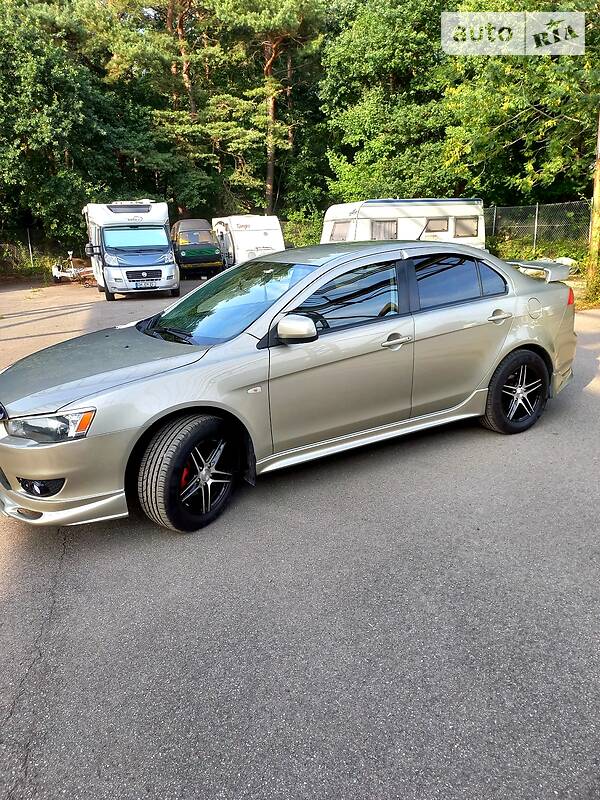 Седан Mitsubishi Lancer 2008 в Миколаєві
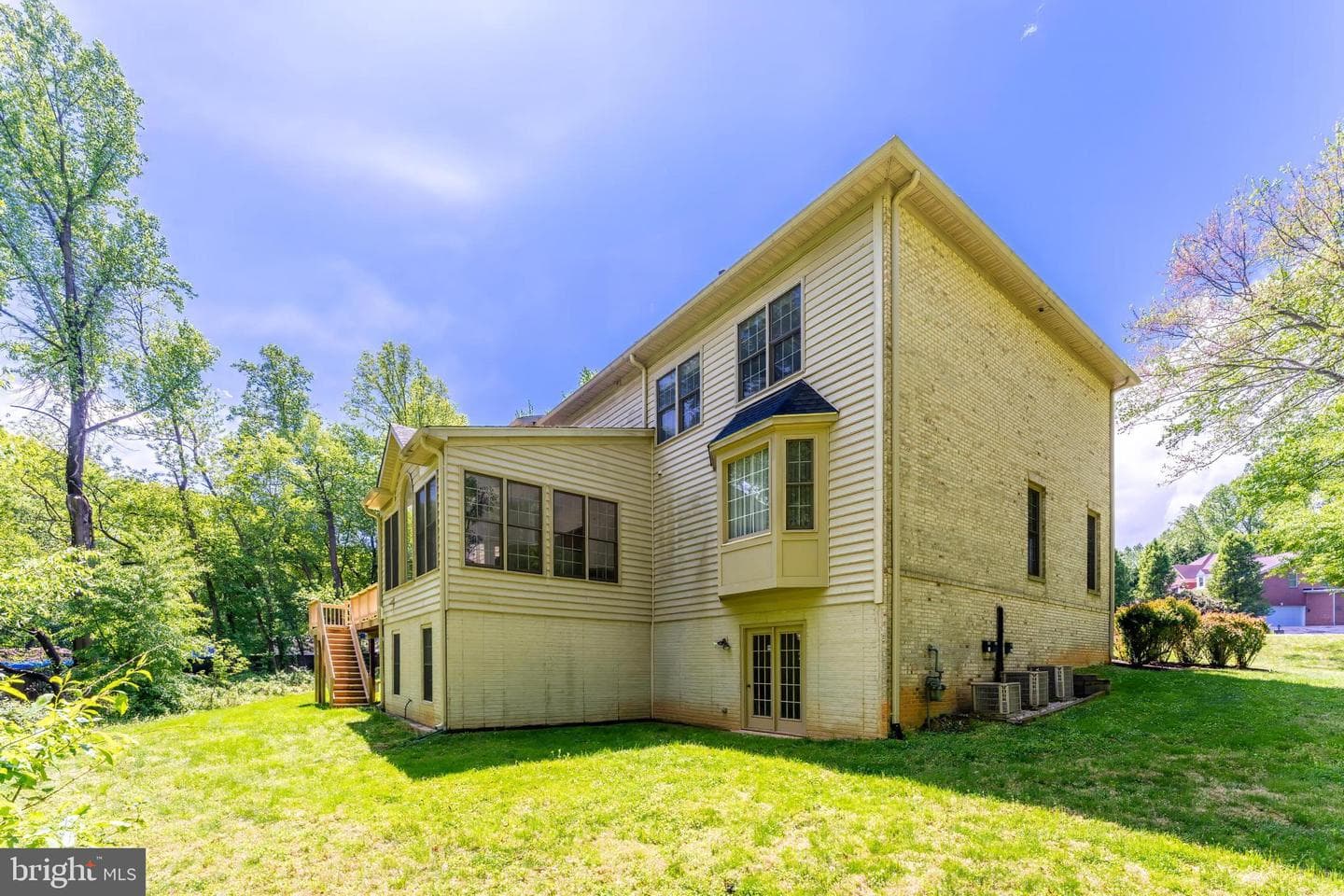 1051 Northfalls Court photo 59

--

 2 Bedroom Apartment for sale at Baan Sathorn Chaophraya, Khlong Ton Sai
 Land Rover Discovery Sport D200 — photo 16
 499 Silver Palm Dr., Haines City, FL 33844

WHAT IS EXPECTED
Although pictures appear among the entries, please set down only the lines from the one with "Седан Mitsubishi Lancer 2008 в Миколаєві" up to and including the one with "1051 Northfalls Court photo 59", word for word.

OUTPUT OF THE TASK
 Седан Mitsubishi Lancer 2008 в Миколаєві
 1051 Northfalls Court photo 59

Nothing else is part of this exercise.